If we don't do anything, Isreal will act alone and take care of business. They won't (can't) allow Iran to have nukes.


----------



## CJIS (Mar 12, 2005)

REILEYDOG said:


> If we don't do anything, Isreal will act alone and take care of business. They won't (can't) allow Iran to have nukes.


I was watching an interview with their Defense minister and he said they would act as soon as any sign of a Nuke is built.


----------



## dcs2244 (Jan 29, 2004)

Three has-beens'...there's a reason they call it "RETIRED"...back to the links, guys. Maybe they picked up a dose of syphilis in "The 'Nam" and it has attacked their brain housing groups.

I know! Let's just surrender and convert to Islam: problem solved!


----------



## REILEYDOG (Nov 5, 2005)

npd_323 said:


> I was watching an interview with their Defense minister and he said they would act as soon as any sign of a Nuke is built.


The attack Israel pulled off to take out the Iraqi nuclear sites in 1981 was pretty impressive.


----------



## JoninNH (Jan 29, 2004)

REILEYDOG said:


> The attack Israel pulled off to take out the Iraqi nuclear sites in 1981 was pretty impressive.
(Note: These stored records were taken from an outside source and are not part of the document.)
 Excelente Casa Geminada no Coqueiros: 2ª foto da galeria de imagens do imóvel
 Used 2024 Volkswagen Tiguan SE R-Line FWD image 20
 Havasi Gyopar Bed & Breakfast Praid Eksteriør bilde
I did a paper in college on that! Impressive doesn't even begin to describe it.


----------



## dcs2244 (Jan 29, 2004)

That Israeli colonel that died on the Columbia flew on that raid...


----------



## justanotherparatrooper (Aug 27, 2006)

When your whole country is the size of NH and youre completely surrounded by people who dont just want you gone, they want you dead...you cant be screwing around. They cant be dicking around when were so wishy-washy with our foreign policy
Ive been impressed with how theyve dealt with things over the years. The initial battles against Palestine, Lebenon,Syria, etc just to exist. Theyre responce to being attacked (six day war), theyre responce to Munich massacre, The terrorist who hijacked that El Al plane (Raid on Entabbe) Idi Amin was fit to be tied ...the fat bastard! 
Too many times to name, they responded to threats. If they waited for us theyde be gone already...which is just sad.


----------



## dcs2244 (Jan 29, 2004)

Dude, "Palestine" is a Roman word. The arabs refer to it as "Philistine". Yup, "David and Goliath", "Sampson and Delilah" et al... 
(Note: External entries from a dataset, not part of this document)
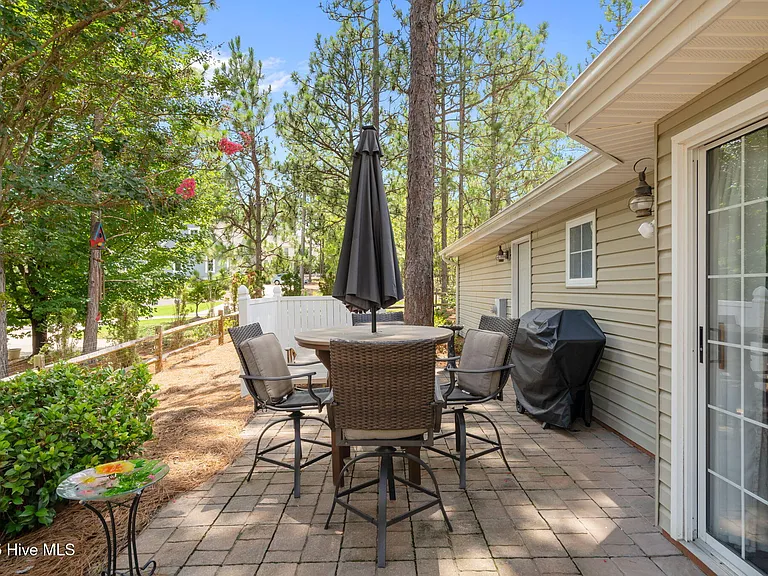 39 Bedford Cir — Photo 30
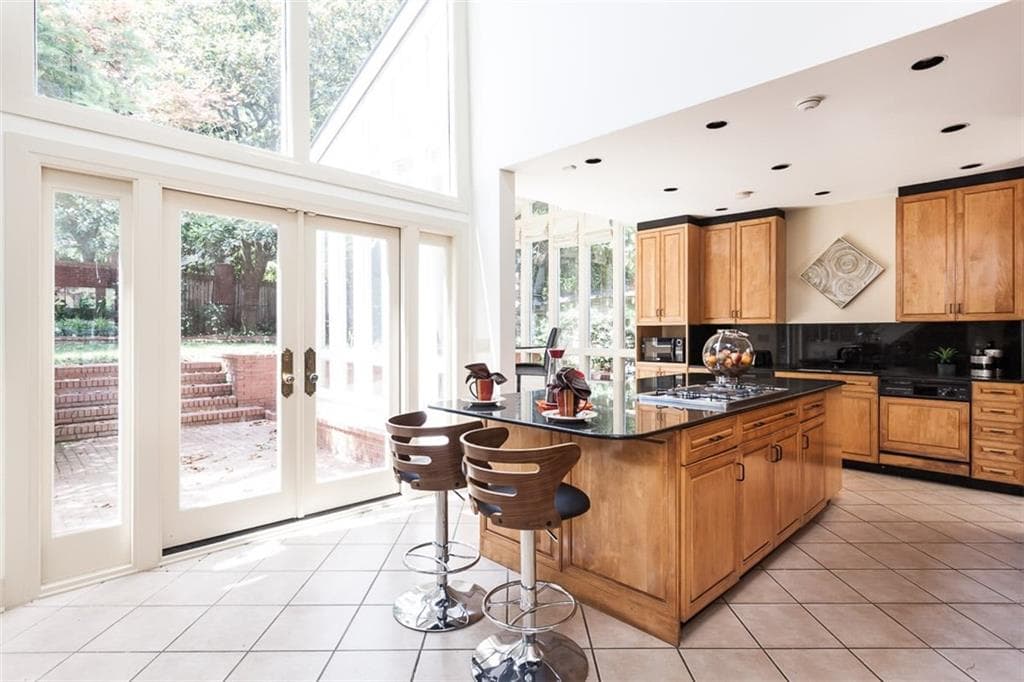 5 bedroom, 5 bathroom, 6,677 sq ft single family residence for rent at 133 17th Street, Atlanta, GA 30309 for $6,500 a month — photo 8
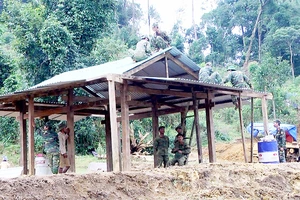 Bộ đội giúp dân dời làng, dựng nhà mới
Ass kicked then, ass kicked now.


----------



## justanotherparatrooper (Aug 27, 2006)

dcs2244 said:


> Dude, "Palestine" is a Roman word. The arabs refer to it as "Philistine". Yup, "David and Goliath", "Sampson and Delilah" et al...
> 
> Ass kicked then, ass kicked now.


I humbly stand corrected


----------



## CJIS (Mar 12, 2005)

*'Invade Iran. Then Everyone Will See How Smart We Are.'*

(thinkprogress.org) 
Former CIA officer Phillip Giraldi on war with Iran: "I've heard from sources at the Pentagon that their impression is that the White House has made a decision that war is going to happen." More&#8230;


----------



## dcs2244 (Jan 29, 2004)

npd_323 said:


> *'Invade Iran. Then Everyone Will See How Smart We Are.'*
> 
> (thinkprogress.org)
> Former CIA officer Phillip Giraldi on war with Iran: "I've heard from sources at the Pentagon that their impression is that the White House has made a decision that war is going to happen." More&#8230;


Damn those evil neocons!

Thank's for the link to a communist site deep in the throws of "Bush Derangement Syndrome"...


----------